— Scraped caption text data —
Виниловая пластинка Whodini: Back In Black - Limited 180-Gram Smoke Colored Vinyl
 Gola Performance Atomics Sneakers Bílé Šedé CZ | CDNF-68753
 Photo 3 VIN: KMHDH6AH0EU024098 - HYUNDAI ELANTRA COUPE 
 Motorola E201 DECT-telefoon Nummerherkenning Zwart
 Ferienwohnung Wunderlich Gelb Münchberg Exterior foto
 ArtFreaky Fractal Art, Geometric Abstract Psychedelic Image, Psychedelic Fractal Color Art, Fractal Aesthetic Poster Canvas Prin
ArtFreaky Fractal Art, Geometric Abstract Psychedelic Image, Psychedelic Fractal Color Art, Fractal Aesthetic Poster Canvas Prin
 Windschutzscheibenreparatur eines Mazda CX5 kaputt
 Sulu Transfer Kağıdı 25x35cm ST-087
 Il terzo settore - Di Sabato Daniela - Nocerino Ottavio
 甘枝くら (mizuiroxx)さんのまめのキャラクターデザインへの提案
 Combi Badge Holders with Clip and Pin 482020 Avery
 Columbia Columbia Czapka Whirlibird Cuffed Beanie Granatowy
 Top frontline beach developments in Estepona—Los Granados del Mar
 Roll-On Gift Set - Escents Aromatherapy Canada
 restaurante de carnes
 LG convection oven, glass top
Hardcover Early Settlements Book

— Work item —
Only lines that hold the string "Image" belong in the answer, so copy every one of them from the records.

— Task result —
 ArtFreaky Fractal Art, Geometric Abstract Psychedelic Image, Psychedelic Fractal Color Art, Fractal Aesthetic Poster Canvas Prin
ArtFreaky Fractal Art, Geometric Abstract Psychedelic Image, Psychedelic Fractal Color Art, Fractal Aesthetic Poster Canvas Prin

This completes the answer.